Records.
==============================

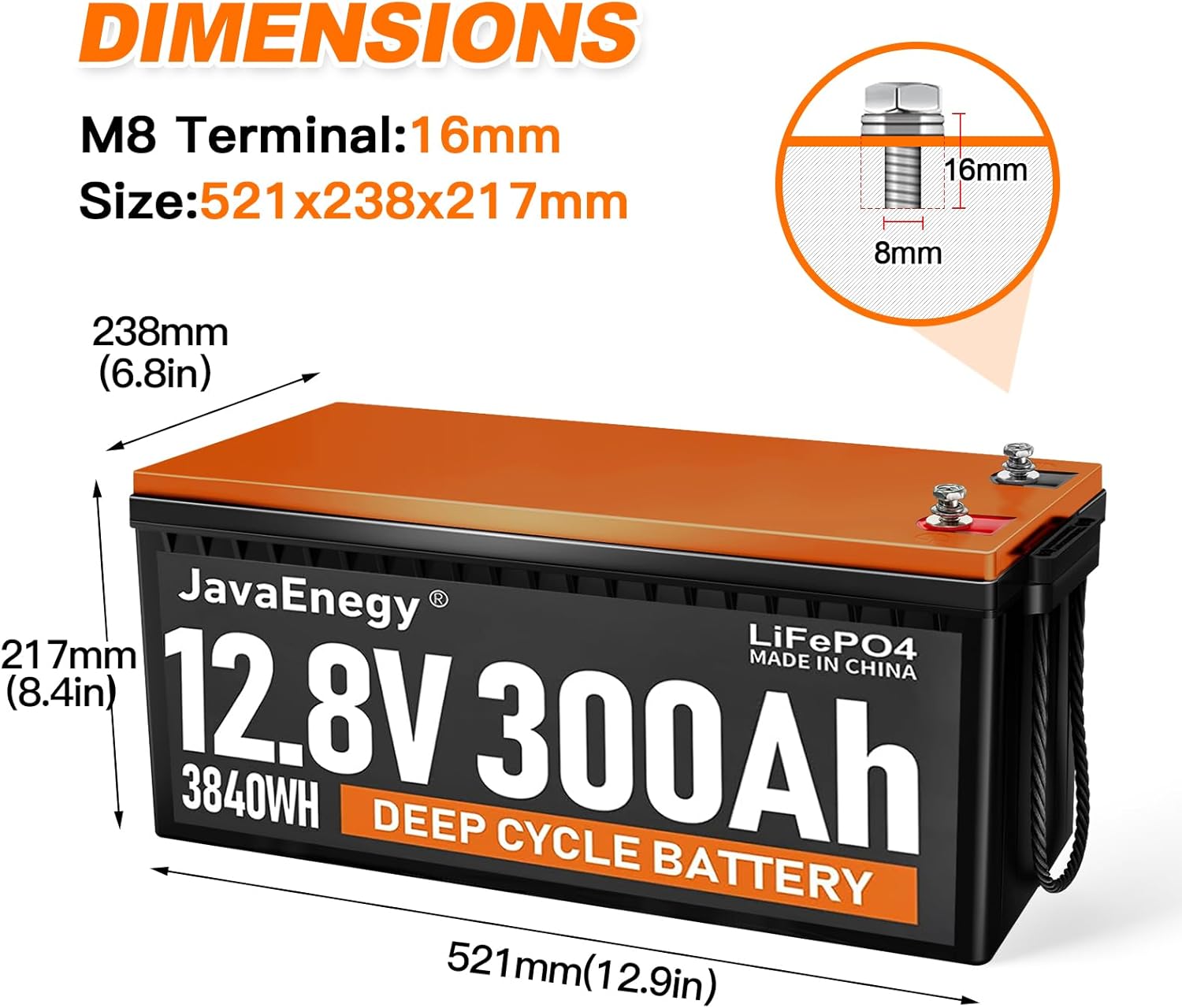 12V 300Ah LiFePO4 Lithium Battery with 200A BMS T125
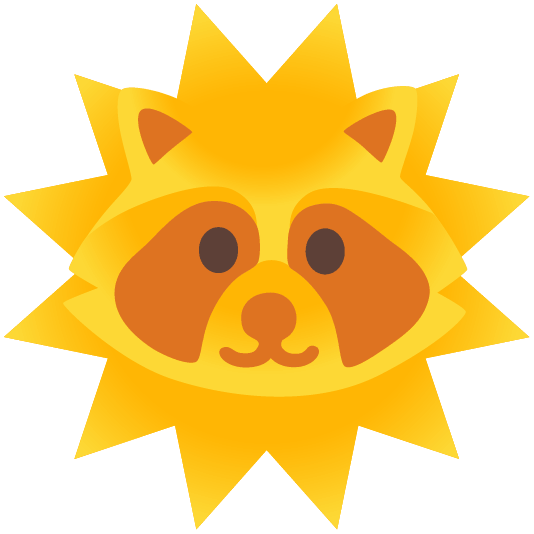 raccoon sun with face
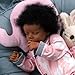 JIZHI Lifelike Reborn Baby Dolls Black -17Inch Baby-Soft Body & Curls Realistic-Newborn Baby Doll African American Real Life Baby Dolls Cloth Body with Gift Box for Kids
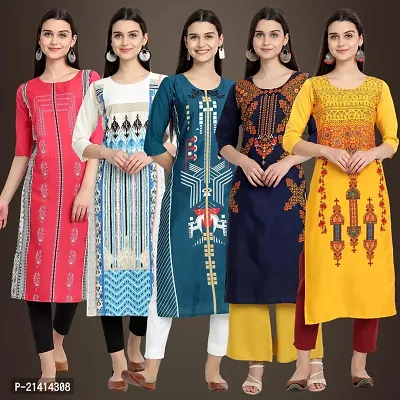 Fancy Crepe Kurtis For Women Pack Of 5-thumb0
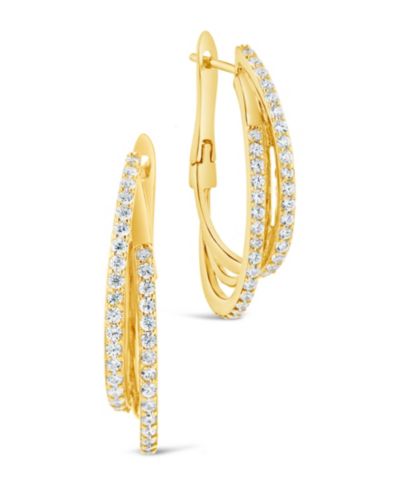 Серьги-кольца Sterling Forever с кубическим цирконием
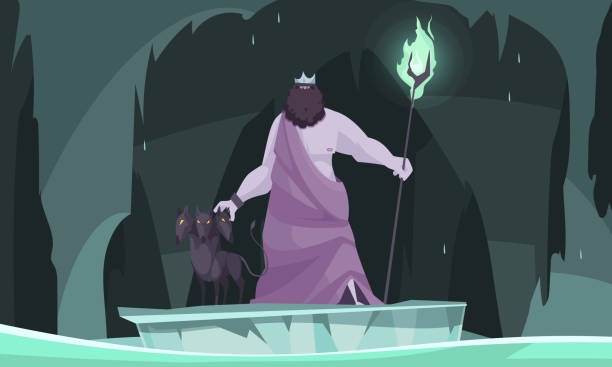 ancient greece gods hades Ancient greek underworld god king of dead hades flat cartoon composition with three headed dog vector illustration greek god poseidon backgrounds stock illustrations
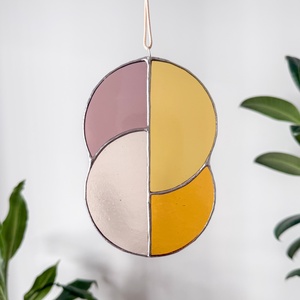 Üveg napfogó/ablakdísz geometrikus mintával - otthon & életmód - dekoráció - ajtó- és ablak dekoráció - ablakdísz - Meska.hu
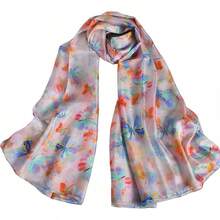 100% Mulberry Silk Scarf For Women Lightweight Long Scarves Beach Wraps Cover Up -Travel Photography Scarfhalloween - 藍色粉紅色蝴蝶 - 查看 12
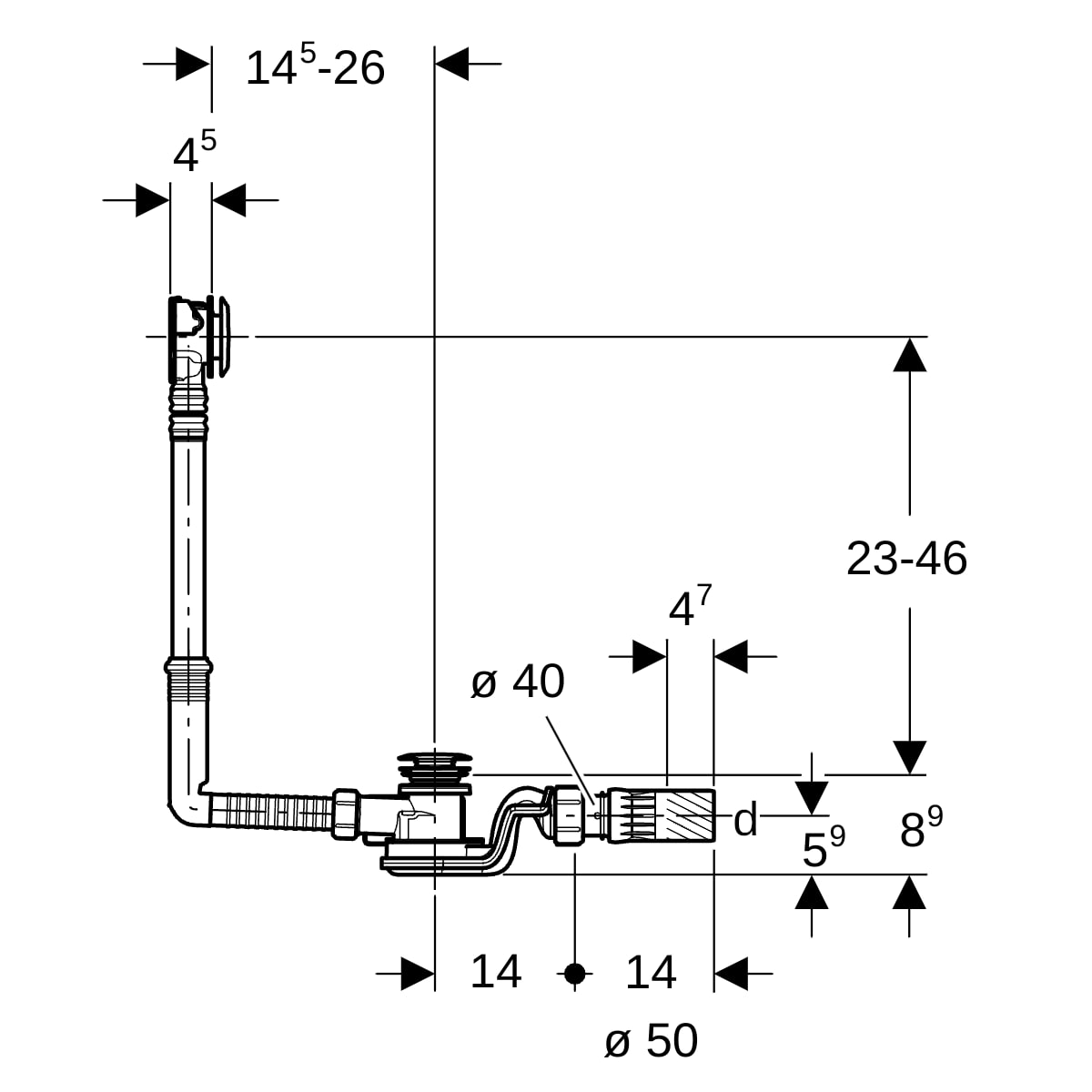 Geberit BW-Ablauf, mit PushControl d52 mit Fertigbauset, DN40/50, hgl.verchr.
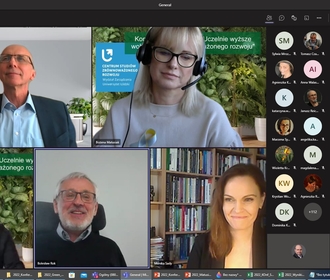 Zrzut z ekranu aplikacji MS Teams Ogólnopolskiej Konferencji Naukowej pt. „Uczelnie wyższe wobec wyzwań zrównoważonego rozwoju”, Wydział Zarządzania, Uniwersytet Łódzki, 01.03.2022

==============================

Work instructions. Reproduce exactly the lines from the beginning of the material down to the line containing "Üveg napfogó/ablakdísz geometrikus", both ends included, but not the pictures or anything after.

Task solution.
 12V 300Ah LiFePO4 Lithium Battery with 200A BMS T125
 raccoon sun with face
 JIZHI Lifelike Reborn Baby Dolls Black -17Inch Baby-Soft Body & Curls Realistic-Newborn Baby Doll African American Real Life Baby Dolls Cloth Body with Gift Box for Kids
 Fancy Crepe Kurtis For Women Pack Of 5-thumb0
 Серьги-кольца Sterling Forever с кубическим цирконием
 ancient greece gods hades Ancient greek underworld god king of dead hades flat cartoon composition with three headed dog vector illustration greek god poseidon backgrounds stock illustrations
 Üveg napfogó/ablakdísz geometrikus mintával - otthon & életmód - dekoráció - ajtó- és ablak dekoráció - ablakdísz - Meska.hu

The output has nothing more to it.